Each line from the beginning of the data below through the line containing "Yellow Blume Gingham" should be repeated exactly, please.

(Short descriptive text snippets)
--*--

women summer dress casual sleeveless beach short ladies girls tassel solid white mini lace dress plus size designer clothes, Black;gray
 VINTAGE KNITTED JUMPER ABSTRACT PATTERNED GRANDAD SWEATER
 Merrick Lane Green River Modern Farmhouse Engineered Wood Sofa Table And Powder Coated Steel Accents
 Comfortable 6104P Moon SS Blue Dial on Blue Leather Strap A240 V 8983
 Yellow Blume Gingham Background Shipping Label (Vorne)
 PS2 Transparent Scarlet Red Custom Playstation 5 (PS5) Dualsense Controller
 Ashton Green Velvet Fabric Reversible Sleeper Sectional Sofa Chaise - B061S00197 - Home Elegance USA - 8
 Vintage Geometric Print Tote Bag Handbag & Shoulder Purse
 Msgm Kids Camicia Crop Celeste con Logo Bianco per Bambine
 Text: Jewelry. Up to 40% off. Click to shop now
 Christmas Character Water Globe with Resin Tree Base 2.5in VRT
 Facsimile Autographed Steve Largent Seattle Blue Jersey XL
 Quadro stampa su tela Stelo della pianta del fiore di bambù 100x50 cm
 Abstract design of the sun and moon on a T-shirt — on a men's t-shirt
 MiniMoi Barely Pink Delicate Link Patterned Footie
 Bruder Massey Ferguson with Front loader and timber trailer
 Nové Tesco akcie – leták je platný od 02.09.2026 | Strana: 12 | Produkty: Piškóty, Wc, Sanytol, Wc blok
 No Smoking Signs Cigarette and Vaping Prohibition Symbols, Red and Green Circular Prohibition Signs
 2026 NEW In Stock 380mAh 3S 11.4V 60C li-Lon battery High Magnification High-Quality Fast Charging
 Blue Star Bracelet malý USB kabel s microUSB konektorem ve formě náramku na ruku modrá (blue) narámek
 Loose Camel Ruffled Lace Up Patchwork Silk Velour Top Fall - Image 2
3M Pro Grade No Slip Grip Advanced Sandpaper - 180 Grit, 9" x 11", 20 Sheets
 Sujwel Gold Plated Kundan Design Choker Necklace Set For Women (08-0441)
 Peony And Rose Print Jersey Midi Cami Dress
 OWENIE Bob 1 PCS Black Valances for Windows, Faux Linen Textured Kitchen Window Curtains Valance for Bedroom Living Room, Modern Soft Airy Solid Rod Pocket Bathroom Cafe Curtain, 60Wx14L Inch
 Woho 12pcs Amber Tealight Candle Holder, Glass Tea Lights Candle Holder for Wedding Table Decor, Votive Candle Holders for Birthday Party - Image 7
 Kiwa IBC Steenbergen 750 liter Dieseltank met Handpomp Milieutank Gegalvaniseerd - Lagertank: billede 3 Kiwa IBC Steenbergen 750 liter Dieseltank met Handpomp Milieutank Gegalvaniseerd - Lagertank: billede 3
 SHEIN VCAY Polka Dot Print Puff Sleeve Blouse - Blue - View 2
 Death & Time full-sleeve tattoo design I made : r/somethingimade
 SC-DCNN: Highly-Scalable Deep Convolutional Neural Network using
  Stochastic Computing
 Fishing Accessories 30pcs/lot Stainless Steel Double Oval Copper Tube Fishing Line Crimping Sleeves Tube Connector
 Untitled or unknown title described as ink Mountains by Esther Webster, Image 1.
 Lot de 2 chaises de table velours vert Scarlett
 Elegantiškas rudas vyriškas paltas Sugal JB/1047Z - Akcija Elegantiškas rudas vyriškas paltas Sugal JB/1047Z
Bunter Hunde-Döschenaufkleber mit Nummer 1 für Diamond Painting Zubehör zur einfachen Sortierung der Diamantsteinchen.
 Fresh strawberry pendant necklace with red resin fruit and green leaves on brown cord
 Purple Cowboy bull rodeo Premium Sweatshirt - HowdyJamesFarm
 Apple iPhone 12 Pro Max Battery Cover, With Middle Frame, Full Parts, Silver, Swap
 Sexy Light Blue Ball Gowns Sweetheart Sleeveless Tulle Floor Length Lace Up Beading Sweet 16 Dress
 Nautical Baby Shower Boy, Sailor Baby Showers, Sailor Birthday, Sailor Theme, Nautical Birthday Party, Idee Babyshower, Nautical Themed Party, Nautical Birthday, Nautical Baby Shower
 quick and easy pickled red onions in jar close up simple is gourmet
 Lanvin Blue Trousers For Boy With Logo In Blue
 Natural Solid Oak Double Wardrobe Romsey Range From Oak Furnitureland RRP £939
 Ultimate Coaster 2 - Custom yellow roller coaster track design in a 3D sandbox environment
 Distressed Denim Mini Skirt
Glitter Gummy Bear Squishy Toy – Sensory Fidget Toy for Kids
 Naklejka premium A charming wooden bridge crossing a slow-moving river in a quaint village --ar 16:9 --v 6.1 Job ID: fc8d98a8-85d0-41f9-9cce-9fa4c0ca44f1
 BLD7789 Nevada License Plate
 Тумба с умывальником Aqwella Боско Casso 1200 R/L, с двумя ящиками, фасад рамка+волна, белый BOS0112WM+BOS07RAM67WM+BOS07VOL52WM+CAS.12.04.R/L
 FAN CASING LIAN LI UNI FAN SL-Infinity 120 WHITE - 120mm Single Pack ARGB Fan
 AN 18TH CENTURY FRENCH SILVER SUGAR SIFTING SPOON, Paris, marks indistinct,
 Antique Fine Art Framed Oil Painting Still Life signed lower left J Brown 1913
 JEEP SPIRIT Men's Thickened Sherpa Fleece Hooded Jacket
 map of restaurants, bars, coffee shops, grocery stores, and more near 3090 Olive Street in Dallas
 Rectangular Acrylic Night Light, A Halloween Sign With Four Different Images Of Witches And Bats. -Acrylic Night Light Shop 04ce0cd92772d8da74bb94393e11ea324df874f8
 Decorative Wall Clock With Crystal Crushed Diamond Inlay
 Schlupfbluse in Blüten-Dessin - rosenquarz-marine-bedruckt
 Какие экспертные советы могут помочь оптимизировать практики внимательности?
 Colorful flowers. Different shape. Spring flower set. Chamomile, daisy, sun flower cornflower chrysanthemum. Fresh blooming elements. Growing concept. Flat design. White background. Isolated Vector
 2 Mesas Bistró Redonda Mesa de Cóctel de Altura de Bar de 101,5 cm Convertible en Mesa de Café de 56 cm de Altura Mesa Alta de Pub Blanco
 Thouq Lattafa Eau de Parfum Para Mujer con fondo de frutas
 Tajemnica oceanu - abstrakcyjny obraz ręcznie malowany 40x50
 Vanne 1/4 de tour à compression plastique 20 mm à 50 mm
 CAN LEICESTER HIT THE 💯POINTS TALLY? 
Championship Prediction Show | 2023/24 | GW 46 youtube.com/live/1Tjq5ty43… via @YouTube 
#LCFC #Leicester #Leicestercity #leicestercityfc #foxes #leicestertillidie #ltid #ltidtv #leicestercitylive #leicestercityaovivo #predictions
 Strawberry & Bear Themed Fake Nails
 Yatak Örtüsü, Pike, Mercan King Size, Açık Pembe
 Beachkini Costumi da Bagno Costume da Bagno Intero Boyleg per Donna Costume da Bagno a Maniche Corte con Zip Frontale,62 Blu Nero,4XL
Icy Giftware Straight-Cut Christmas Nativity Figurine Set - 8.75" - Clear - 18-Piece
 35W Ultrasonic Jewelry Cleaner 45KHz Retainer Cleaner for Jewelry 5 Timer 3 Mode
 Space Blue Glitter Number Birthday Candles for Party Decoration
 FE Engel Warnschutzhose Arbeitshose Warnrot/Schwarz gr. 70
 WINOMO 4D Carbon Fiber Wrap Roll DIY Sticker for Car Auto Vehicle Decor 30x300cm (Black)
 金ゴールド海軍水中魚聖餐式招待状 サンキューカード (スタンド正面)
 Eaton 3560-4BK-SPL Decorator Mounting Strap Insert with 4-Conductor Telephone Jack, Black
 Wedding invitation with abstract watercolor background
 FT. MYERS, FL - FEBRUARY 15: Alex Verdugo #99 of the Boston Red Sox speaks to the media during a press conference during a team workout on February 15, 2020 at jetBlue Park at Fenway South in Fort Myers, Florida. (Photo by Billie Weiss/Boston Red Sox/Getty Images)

--*--

- Your solution:
women summer dress casual sleeveless beach short ladies girls tassel solid white mini lace dress plus size designer clothes, Black;gray
 VINTAGE KNITTED JUMPER ABSTRACT PATTERNED GRANDAD SWEATER
 Merrick Lane Green River Modern Farmhouse Engineered Wood Sofa Table And Powder Coated Steel Accents
 Comfortable 6104P Moon SS Blue Dial on Blue Leather Strap A240 V 8983
 Yellow Blume Gingham Background Shipping Label (Vorne)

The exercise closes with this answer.